Un livre, évidemment, n’est pas une ville, à moins qu’il en soit une.

Tous deux sont des masses de temps coexistant dans l’espace. Des nasses de temps, consistantes et persistantes. Des nappes de temps, tassées, tissées. Des phases, des phrases, mais toujours des « plus que plans ». Car jamais ville ou livre ne se résumeront sans perte au plat quadrillage d’un plan. La foule des passes et des passages inonde, innerve et déborde toute carte. C’est par la prolifération des plans qu’un objet se trouve prolixe au point  d’être infini. Par circonvolution. Une chose est portée à l’infini quand chacun peut y entrer et y tourner comme dans un cerveau. L’inépuisable, en un sens, est une fête. Chaque dé, pour la patience, est aussi grand qu’internet. C’est pourquoi je parie que Dieu joue aux dés, un peu comme il doit lire nos villes : avec une certaine envie.

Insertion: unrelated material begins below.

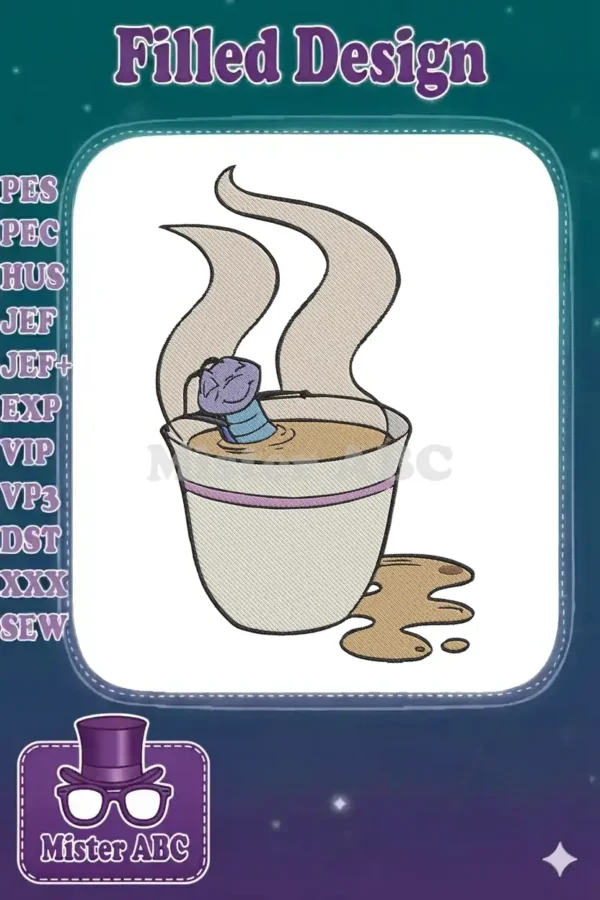 Embroidery design of a purple worm, Art, relaxing in a coffee cup with steam and spilled coffee. Whimsical.
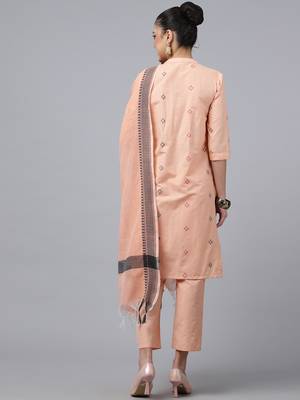 Anushil kurta pant set with dupatta - v-neck lurex checks, 3/4 sleeves, self-design pocket, cotton fabric 3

Je parie que Dieu, s’il avait eu le choix, aurait été un lecteur, ou un promeneur.

32 réflexions sur “La ville et le livre: existe-t-il des objets infinis ?

  1. Vous aimez donc lire et vous promener!🙂

    Le titre a de suite titillé ma curiosité. Après votre phrase: citation de votre article: « c’est par la prolifération des plans qu’un objet se trouve prolixe au point d’être infini », je me suis précipitée pour commenter mais … il m’a semblé que premièrement terminer de lire votre article était « raisonnable ». Depuis, je ne sais plus ce que je souhaitais dire! Ha si,évidement, je souhaitais parler « mon » livre, évidement! Celui qui est infini, et qui comme vous le dites si bien, ne peux se « vivre », dont on ne peut se délecter et en voir quelques unes de ses facette au travers d’un plan … Vous pariez beaucoup de chose à propos de Dieu! De mon coté, je pense que nos villes fassent envie à Dieu. J’imagine bien que vous provoquiez un peu les réactions de vos lecteurs!🙂 J’aime mieux votre autre « réponse », je vous cite: La foule des passes et des passages inonde, innerve et déborde toute carte, bien que j’avoue la comprendre « instinctivement » car je ne suis pas habituée à l’utilisation d’innerve, Après avoir lu la fin, (les dès), je me suis représentée des cartes à jouer. Votre phrase en elle-même est infinie à lire, infinie en suggestions directes et indirectes (délibérées, ou/et à la guise du lecteur) ….. vous ouvrez de grandes portes ………….aussi, je relèverais votre pari, pour croire que Dieu regarde nos villes avec une infinité de « regards » … mais pas celui de l’envie! Quand à Dieu qui n’a pas le choix ….. je vous écrirais bien un chapitre entier en commentaire!!!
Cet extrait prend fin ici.